Alors qu’un demi-siècle nous sépare désormais de sa création – le livre ayant été dessiné à Toronto entre 1972 et 1974 –, La Cage, de Martin Vaughn-James, connaîtra en février 2024 sa cinquième édition française, toujours aux Impressions nouvelles. La première avait paru en 1986, les suivantes en 2002, 2006 et 2010. Quelque 800 exemplaires vont être réimprimés, alors que les ventes cumulées s’établissent à ce jour aux environs de 3 000 exemplaires.

C’est peu relativement à la fortune critique de ce « roman visuel », mais pas si mal pour un livre expérimental, déroutant, atypique, dont les années n’ont pas émoussé la radicalité et la puissance de fascination.

J’avais, pour ma part, découvert toute l’importance de cette œuvre à l’occasion du colloque de Cerisy de 1987, dont j’étais l’organisateur. Marc Avelot (l’un des fondateurs des Impressions nouvelles) y avait présenté une conférence remarquable, reprise dans le volume des Actes, Bande Dessinée, récit et modernité (Futuropolis/CNBDI, 1988). Empruntant à l’appareil conceptuel du théoricien de la Textique Jean Ricardou, Avelot s’attardait notamment sur l’analyse d’une…  page blanche, celle qui sépare le « prologue » (trois dessins consécutifs en « belle page ») du début du récit proprement dit. Analyse magistrale, que j’ai souvent reprise par la suite devant mes étudiants de l’École européenne supérieure de l’Image.

Ainsi que je l’ai relaté dans Une vie dans les cases (p. 201), j’ai eu l’occasion de prononcer en 2002 une conférence sur La Cage dans la ville même où le livre avait été conçu, comme invité au 32e colloque annuel de la Popular Culture Association, qui se déroulait cette année-là au Sheraton center de Toronto. Dans mon journal de 2002, je retrouve cette observation amusée : « Ayant en aversion toute manifestation cocardière, j’avais un peu honte de parler sous un panneau installé exprès par mes amis du Consulat (qui, certes, avaient financé mon voyage), où la devise et les couleurs de la France étaient flanquées, à gauche de la Tour Eiffel, à droite de la CN Tower de Toronto — la première malignement agrandie pour faire mine de rivaliser avec la seconde, qui, en réalité, la toise de près de deux cents mètres supplémentaires. »

En dépit de mes efforts, je n’avais pas réussi à localiser la pumping station dessinée par Vaughn-James, que j’aurais aimé prendre en photo. Ce bâtiment, autour duquel l’artiste avait développé une rêverie d’où est sortie La Cage, existait-il encore ? En tout cas, personne n’avait pu me renseigner à ce sujet, et les livres sur l’architecture de Toronto que j’avais feuilletés dans diverses librairies ne m’avaient pas été d’un plus grand secours. Mais elle a depuis été dénichée sur le blog Scenes from Toronto, dont l’auteur, Bob Georgiou, l’a photographiée en 2015, établissant ainsi qu’il s’agissait de la Bridgman Transformer Station, édifice en briques rouges inauguré en 1904 et situé sur Davenport Road, au n° 391 (https://scenesto.com/tag/bridgman-transformer-station/). La cheminée dessinée par Vaughn-James a disparu.

L’appareil critique accompagnant l’œuvre a varié au fil des éditions successives de La Cage.

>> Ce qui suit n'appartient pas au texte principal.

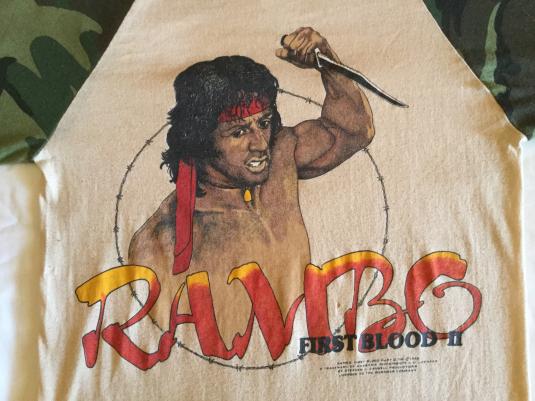Rare vintage rambo first blood part II camo tshirt
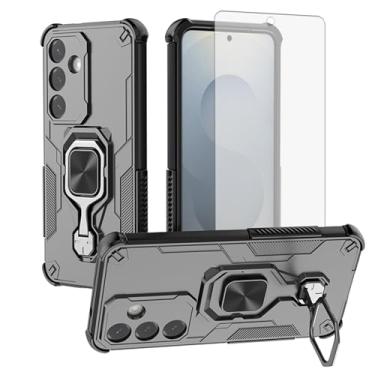 Imagem de Furiet Capa de celular para Samsung Galaxy S25 Plus S25+ 5G com protetor de tela de vidro temperado, suporte de anel antiqueda para airbag, capa elegante fina antiderrapante para S25Plus 25S + S 25 25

On a pu lire d’abord un essai de Jean-Pierre Vidal intitulé « La Capture de l’imaginaire » ; puis un texte de Vaughn-James lui-même, rédigé en 2006 : « La Cage ou la machine à fabriquer des images ». En 1998, ayant acheté auprès de Martin, pour le musée de la Bande dessinée, la totalité des originaux de La Cage, ainsi que les brouillons et carnets préparatoires, je découvris qu’ils recelaient des éléments susceptibles d’apporter un éclairage nouveau sur le chef-d’œuvre du Britannique. Leur étude attentive déboucha sur la rédaction d’un essai, La Construction de La Cage. Autopsie d’un roman visuel, d’abord publié sous la forme d’un petit volume autonome en 2002. C’est, depuis 2010, ce texte qui tient lieu de postface au roman visuel.

couverture de l’édition 2024

Deux remarques conclusives.

  1. La Cage n’est pas un récit dessiné muet, contrairement à ce que croient et propagent erronément les équipes du musée de la Bande dessinée, malgré mes démentis répétés. Certes le texte n’est pas visible sur les originaux, mais il existe et court tout au long des pages du livre.
  2. Martin Vaughn-James m’avait très généreusement offert une double page qu’il avait finalement choisi de retirer de l’édition originale. N’étant pas collectionneur et ne conservant aucun original par devers moi, j’ai donné cette pièce rare au Cartoonmuseum de Bâle.